CR18Day_12 @ nkjv@Genesis:24 @ RandyP comments: Why was Abraham so insistent on Isaac not taking a wife from the local Canaanites? Look at the base of the name Canaanite. Whose name do you see? Canaan right? The son of Ham who Noah cursed to be servants of the servants. Ever wonder why Noah didn't curse all of Ham's offspring? Call it providence but, Canaan's descendants became the very people that now possessed the land soon to be promised to Noah's son Seth's descendant Abraham (therein the nation Israel). How much Noah knew about this at the time is doubtful but, by providence this is how it all worked out. Also provident is that by Seth's descendant marrying another of Seth's descendants the redemptive line leading to Jesus is kept pure. Did Abraham know all of this? Impossible to tell. It is something for us now to ponder and appreciate however.

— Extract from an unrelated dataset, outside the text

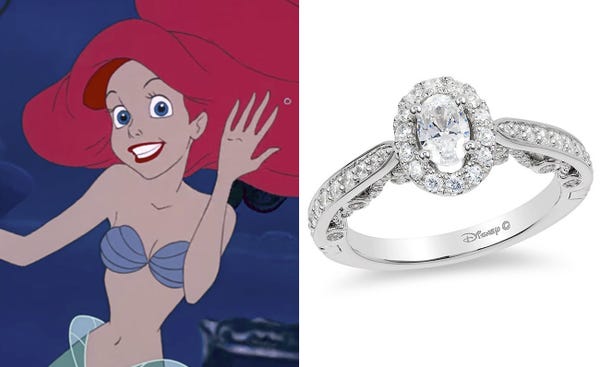 disney ariel ring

CR18Day_23 @ nkjv@Mark:16 @ RandyP comments: "...but they did not believe them either". Shown clearly here is the natural tendency of man to be critical of what he has not yet seen for himself. No doubt the reports coming to the disciples from many sources are describing something never before witnessed as true. I think it significant to us as later believers that Jesus did not first appear to the eleven disciples, that we see that they too were of doubt. Not everyone of every generation will be privy to witnessing this resurrection in person, logistically that would just be impossible. The majority are going to have to simply take it on another person's word. Thankfully we do have their word. We also have the witness of how their lives proceeded following this, the impact of having seen this, the witness of just how true they believed this to be. The fact is that people that knew these people believed these peoples testimony and in turn their lives also were greatly effected. The chain of justifiable evidence like this continues even into our day where a great many are just as convinced in their minds as if they themselves had personally witnessed this first hand. The disciples later did see Jesus physically. Again I think it important that we see that even for them belief became a process, then there could be no doubt. Having been told by Jesus that HE was going to do this and believing it to have been physically accomplished is after all contrary to most rational and critical tendencies.


CR18Day_27 @ nkjv@Genesis:49 @ RandyP comments: "The scepter shall not depart from Judah, Nor a lawgiver from between his feet, Until Shiloh comes; And to Him shall be the obedience of the people." It is often speculated as to how much the bible patriarchs knew about God's plan of redemption as we now know it, what had been passed down, what had been further revealed to them, what they actually believed? Here we have a statement by Jacob that many would suggest is his belief in a coming Messiah: Shiloh; others would say a coming peace/nation. Where would Jacob have gotten that if to mean a Messiah? This would come from the initial statement of God after the fall when HE promised Eve a "Seed" that would crush the Serpent's head. Could this Seed mean the nation Israel (that the nation one day would crush Satan)? Note that as Jacob is in the act of blessing his son upon his death bed he is revealing some not so complimentary things about each son's future progeny, even Judah's (scepter ruling "until" the coming of Shiloh). Note that all son's but Benjamin (due to age) rebelled against the love of their father and his beloved Joseph by falsifying his death and selling him into slavery. Note that Judah's rule ended during the Maccabees into the Herod kings (who were not from Judah) immediately precedes the time of Jesus. The utter destruction of the Temple and consequential total dispersion of Jerusalem left impossible any chance of Judah's reign picking back up even into today. Messiah is either Jesus of Nazareth (or someone during that same time) or else Jacob lied. How much did Jacob know? Quite a bit actually. Now so do each of his sons and son's families.